Aux loss increases after a couple thousand iterations

Question

Aux loss increases after a couple thousand iterations

makinyilmaz opened this issue 2 years ago · 7 comments

First of all I want to thank you for your precious work !

I have a question about aux loss. I am trying to train a video compression framework where I have a flow compressor and a residual compressor. I initialized optimizer and aux optimizer as you stated under examples directory. I set aux learning rate to 1.e-3 and it first decreases as training continues (I sum flow and residual aux losses). However at some point, it starts to increase. I tried to decrease the aux learning rate to 1.e-5 after enough iterations. Aux loss first decreases but bounces back and starts to increase. Do you have any idea what could cause this observation?

Thanks a lot

Answer 1 · 2022-09-02T05:14:36.000Z

I am in similar problem. The aux loss of EntropyBottleneck is not converge to 0. It takes 10 and converges at 50. Is there any training strategies for the best results?

Thanks for your works.

Answer 2 · 2022-09-02T05:59:23.000Z

Hi,
sorry @makinyilmaz for the late reply. As you saw, the auxiliary loss aims at refining the boundaries between which the range coder will be used, i.e. the boundaries of the CDFs that will be used for the actual entropy coding using a range coder, e.g. rANS. We followed the initial tensorflow compression training strategy which learned both entropy parameters and the rest during the whole training process. The training loop contained in Compressai is a minimalist template trainer, please feel free to try other strategies. We can compare and discuss observations in the Discussion sections.

Answer 3 · 2022-09-02T07:59:40.000Z

Hi @fracape thanks for your reply. I tried applying a seperate gradient clipping on aux_parameters in addition to network parameters and observed the aux loss is converged. Dear @ildmxGL, you may try a similar strategy.

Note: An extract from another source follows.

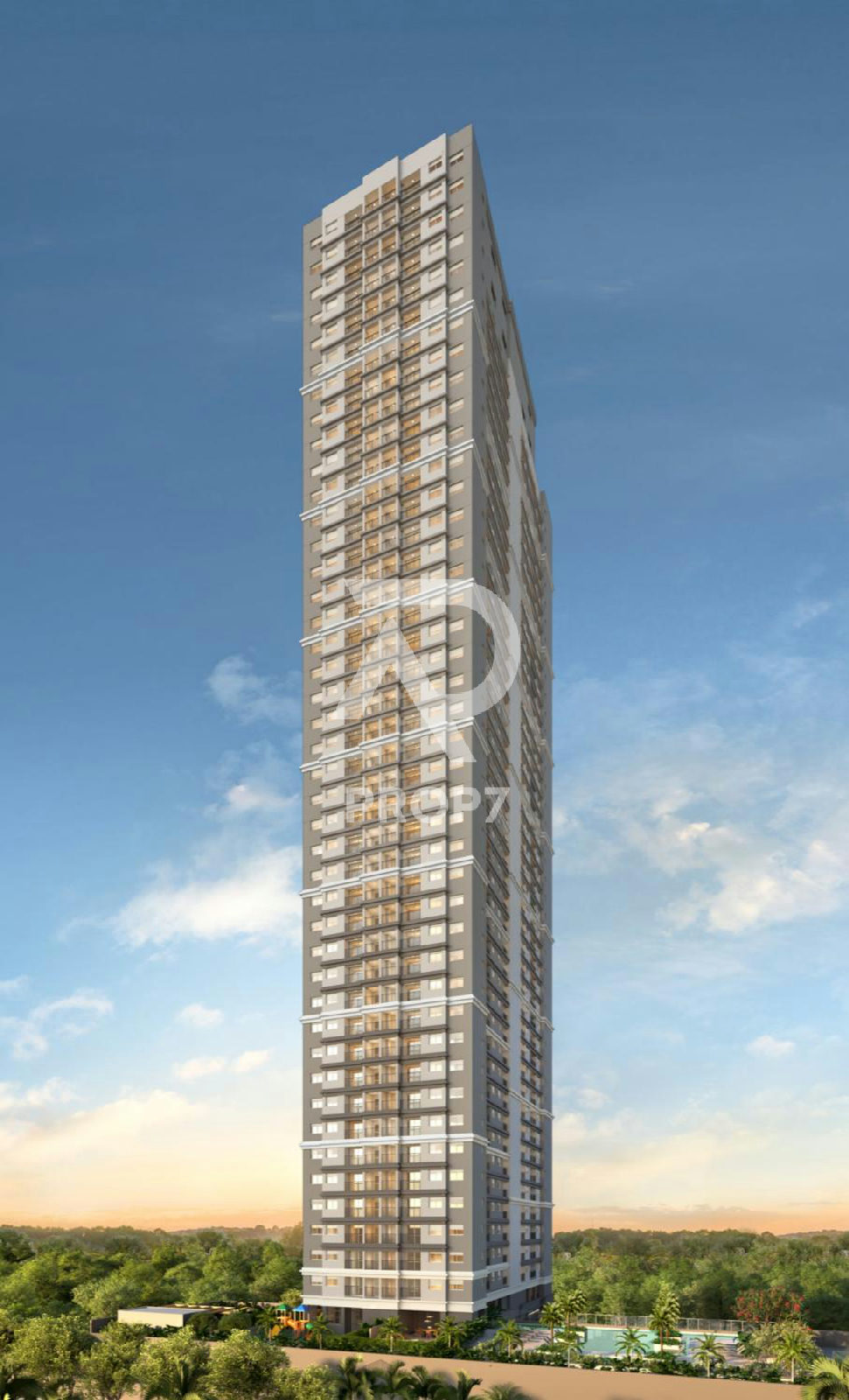 Studio 26 m² no Jardins da Hípica Apartments - Fase 1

Answer 4 · 2022-12-31T12:47:19.000Z

Hi @fracape thanks for your reply. I tried applying a seperate gradient clipping on aux_parameters in addition to network parameters and observed the aux loss is converged. Dear @ildmxGL, you may try a similar strategy.

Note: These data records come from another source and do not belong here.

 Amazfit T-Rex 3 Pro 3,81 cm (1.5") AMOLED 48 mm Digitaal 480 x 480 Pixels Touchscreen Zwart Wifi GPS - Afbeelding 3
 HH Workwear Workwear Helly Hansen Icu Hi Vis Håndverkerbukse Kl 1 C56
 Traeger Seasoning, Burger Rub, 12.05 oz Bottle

Hi @makinyilmaz can you share how to implement the seperate gradient clipping on aux_parameters ?
Here is my code, it does not work.

        out_criterion['loss'].backward()
        torch.nn.utils.clip_grad_norm_((params_dict[n] for n in sorted(parameters)), 1)
        optimizer.step()

        aux_loss = compute_aux_loss(model, accelerator, backward=True)
        torch.nn.utils.clip_grad_norm_((params_dict[n] for n in sorted(aux_parameters)), 1)
        aux_optimizer.step()

Answer 5 · 2022-12-31T21:03:50.000Z

@xkyi1111 My guess is that you may need to clip to a smaller value, e.g. 0.1 or 0.01. Perhaps:

print(norm(aux_loss.grad())) # determine reasonable value

if aux_loss < 100:
    grad_clip(..., reasonable_value)

Also note that beyond a certain point, minimizing aux_loss doesn't have too much effect on entropy coder performance.

Answer 6 · 2023-01-01T06:28:11.000Z

@xkyi1111 My guess is that you may need to clip to a smaller value, e.g. 0.1 or 0.01. Perhaps:
print(norm(aux_loss.grad())) # determine reasonable value

if aux_loss < 100:
    grad_clip(..., reasonable_value)
Also note that beyond a certain point, minimizing aux_loss doesn't have too much effect on entropy coder performance.

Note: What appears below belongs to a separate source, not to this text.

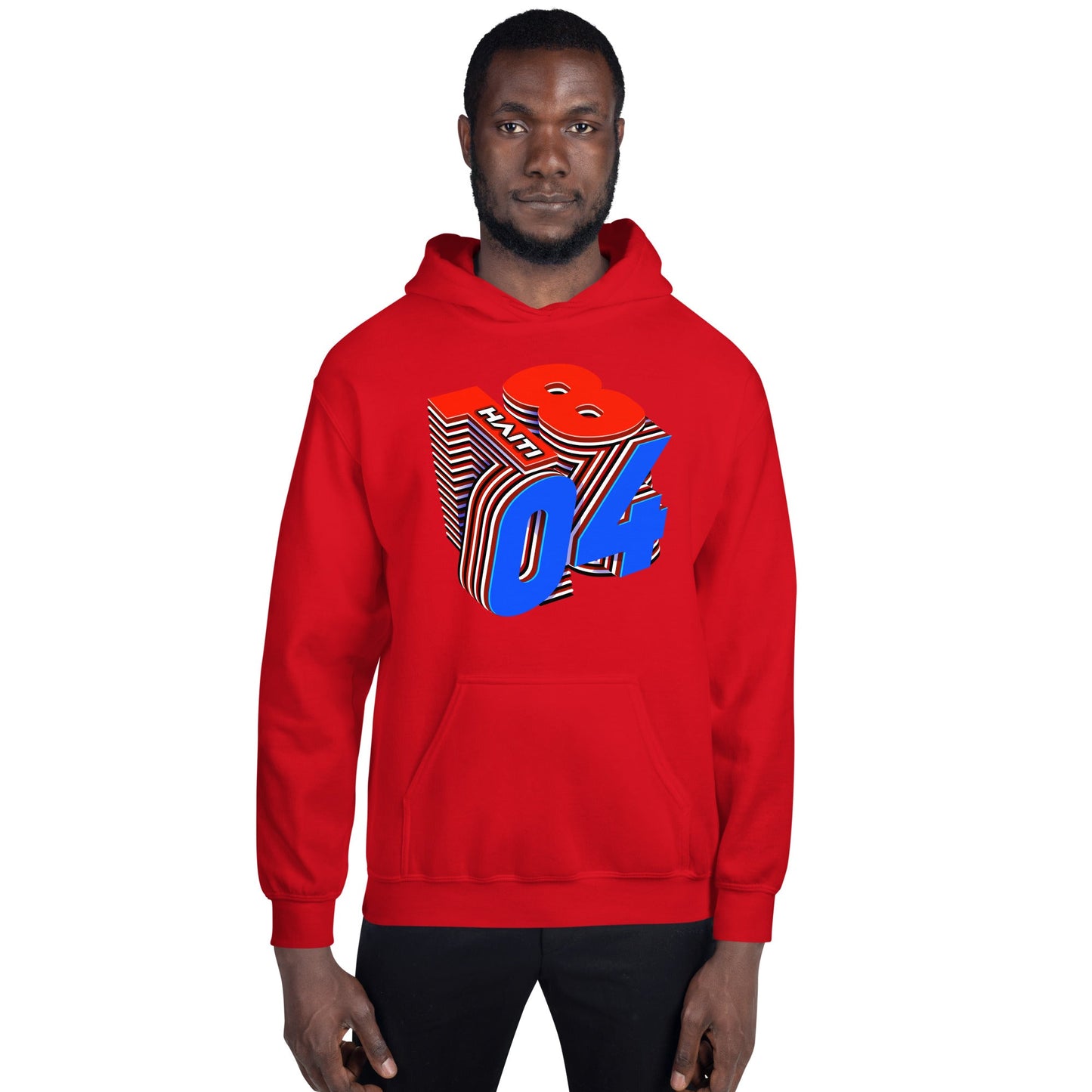 1804 Unisex Hoodie - DJENEZIS ARTWEAR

@YodaEmbedding thanks for your reply！I have tried to clip it to a smaller value and the result is unchanged. Besides, aux_loss.grad() is None. In my code, after a few thousand iterations, the aux loss and mse loss became nan, which I thought was caused by the increase in aux loss. Is this possible？

Answer 7 · 2023-01-01T08:39:07.000Z

What value of aux_loss do you get after the zeroth, first, and last epochs?

Sorry, I meant to say: try checking the grad norm of the aux_parameters gradients.